Comment savoir si l’hyperconnexion est une forme d’addiction ?
Et bien, grâce à un nombre croissant de recherches menées par des addictologues, neuroscientifiques et psychologues, on note des effets transverses entre l’usage des réseaux sociaux et certaines dépendances comportementales (comme celle aux casinos) : la perte de la notion du temps, la perte de contrôle, les perturbations au sein de la famille, de l’école ou du travail, le mépris des conséquences (nous sommes conscient·e·s que notre usage est problématique, mais nous continuons), la sensation de manque (lorsque notre téléphone n’est pas à côté de nous, un sentiment d’angoisse peut naitre), l’obsession et enfin l’habituation. Ce phénomène nous pousse à augmenter la dose à chaque usage pour avoir le même effet (si nous avons 10 likes aujourd’hui, nous en voudrons 50 demain, 100 la semaine prochaine, 1000 les semaines suivantes, etc).
Ensuite, les recherches tendent à démontrer un parallèle entre l’hyperconnexion et les autres types d’addictions (type alcool, drogue, etc). Pour rappel, il existe 4 niveaux dans la consommation : l’usage sain, l’usage excessif, l’usage problématique et enfin l’addiction. On retrouve ces niveaux dans l’hyperconnexion et notre consommation des outils numériques.
Depuis l’essor d’Internet dans les années 1990, une relation s’est tissée entre le temps passé sur les réseaux et les effets néfastes sur nos vies : augmentation du sentiment de solitude, augmentation de l’anxiété, baisse de l’estime de soi, etc. On observe une corrélation entre l’usage excessif des réseaux sociaux et l’augmentation de risque de dépression.
Face à ces constats alarmants, une question se pose : avons-nous la maitrise totale de notre libre arbitre sur Internet et sur les réseaux sociaux ?
Quand as-tu commencé à étudier l’hyperconnexion ?

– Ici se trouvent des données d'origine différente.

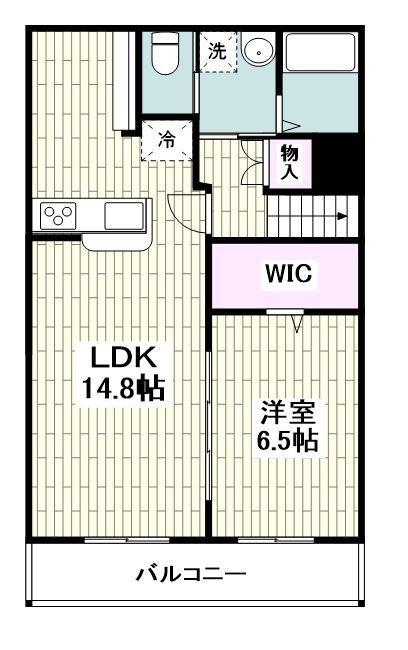 COMFORT RESIDENCE上大岡I(1LDK/2階)の間取り写真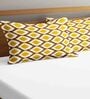 Mustard Ikat 210 TC Cotton Pillow Covers Set of 2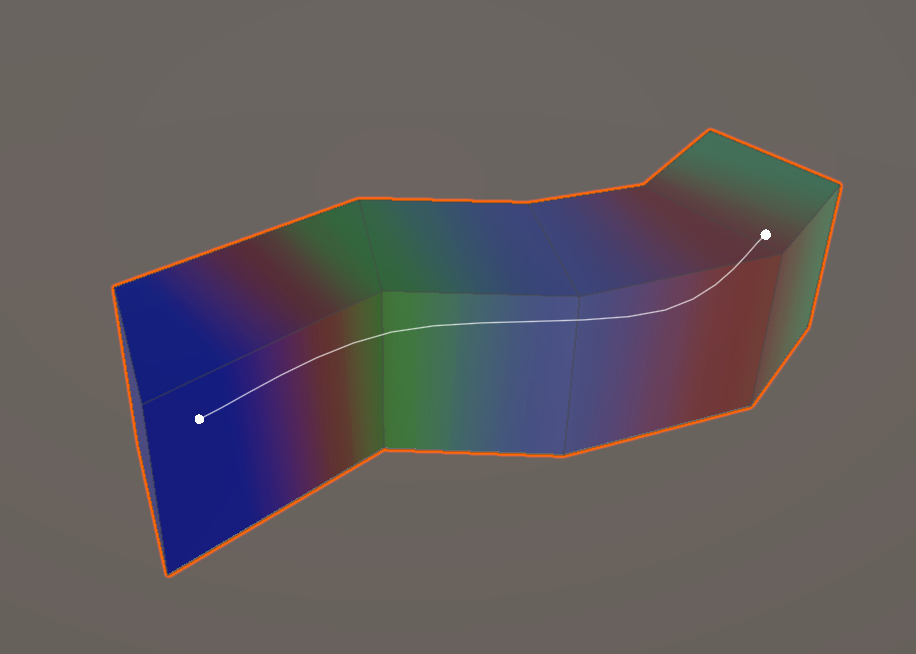 Gradient — CurveMesh mode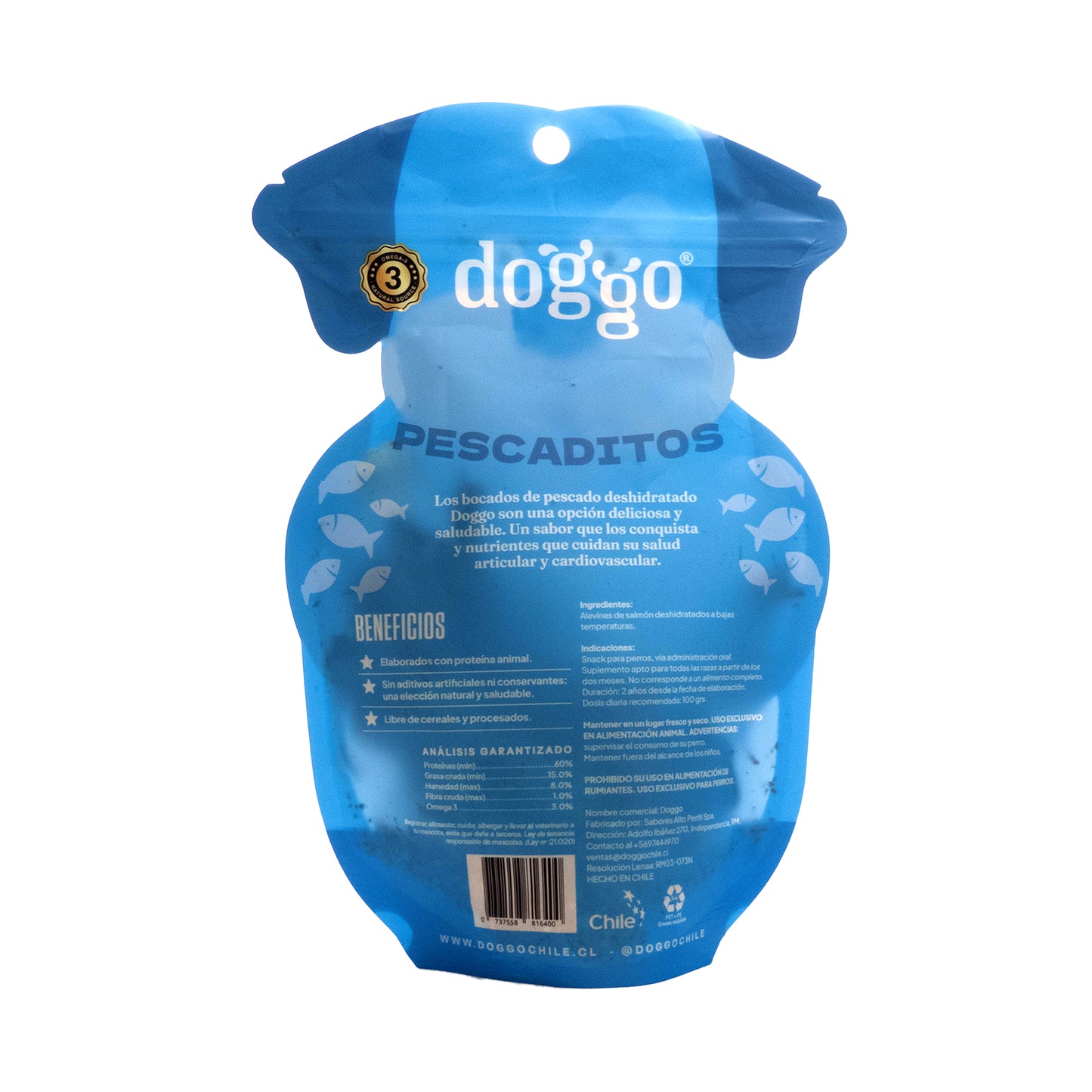 Snack para Perros Aletas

En fondant ma première entreprise : MyBrain Technologies. À cette époque mon approche était diamétralement opposée : je me demandais comment les nouvelles technologies pouvaient nous aider au quotidien. Pourtant, plus je travaillais, plus mon niveau de stress augmentait (insomnies, perte de cheveux, etc). Après cette expérience, j’ai décidé de quitter ma boite. J’ai rencontré Vincent Dupin qui organisait des séjours déconnectés. Nous avons commencé à travailler ensemble et avons décidé de développer ensemble Into the tribe, afin de sensibiliser à l’hyperconnexion, principalement en entreprise.
Lors de mon premier atelier au sein d’une entreprise, nous présentions aux équipes les risques de l’hyperconnexion quand une jeune stagiaire s’est mise à pleurer. Elle nous a confié qu’elle ne supportait plus de recevoir des mails de son manager le soir et les week-ends. Le manager nous révéla ensuite qu’il était persuadé que cela faisait partie de son travail d’envoyer des mails tous les dimanche soir. C’est là que je me suis rendus compte des dérives de l’hyperconnexion. Nous avions la volonté de tout faire pour initier le changement.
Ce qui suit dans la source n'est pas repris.